Records provided:
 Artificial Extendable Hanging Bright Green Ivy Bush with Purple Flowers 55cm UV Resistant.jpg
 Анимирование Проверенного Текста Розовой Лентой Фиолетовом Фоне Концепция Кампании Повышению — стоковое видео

---

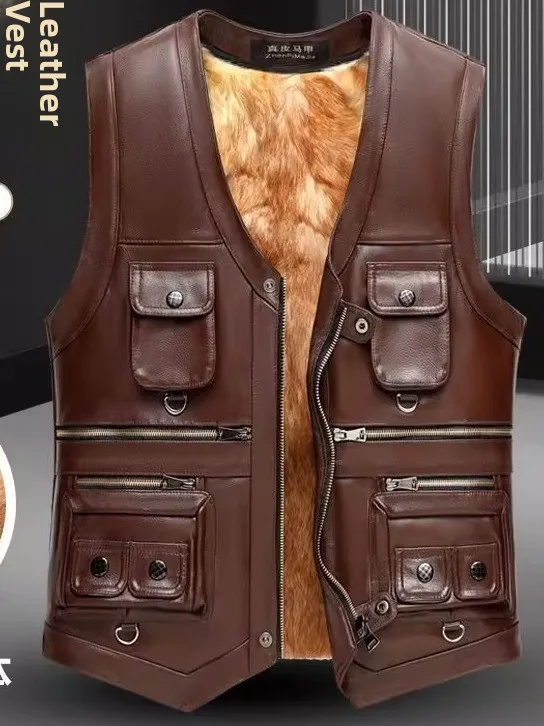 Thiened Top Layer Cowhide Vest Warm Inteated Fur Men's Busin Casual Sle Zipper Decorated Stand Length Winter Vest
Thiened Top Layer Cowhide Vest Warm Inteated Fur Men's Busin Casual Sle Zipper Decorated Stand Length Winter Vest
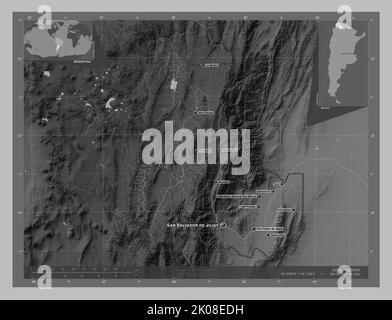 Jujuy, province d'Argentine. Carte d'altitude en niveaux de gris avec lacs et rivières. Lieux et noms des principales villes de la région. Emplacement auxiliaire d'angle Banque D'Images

What you need to do:
Extract from the records above the lines from the one containing "Artificial Extendable Hanging" to the one containing "Анимирование Проверенного Текста", both lines included, exactly as they appear and with nothing else.

Completed task:
 Artificial Extendable Hanging Bright Green Ivy Bush with Purple Flowers 55cm UV Resistant.jpg
 Анимирование Проверенного Текста Розовой Лентой Фиолетовом Фоне Концепция Кампании Повышению — стоковое видео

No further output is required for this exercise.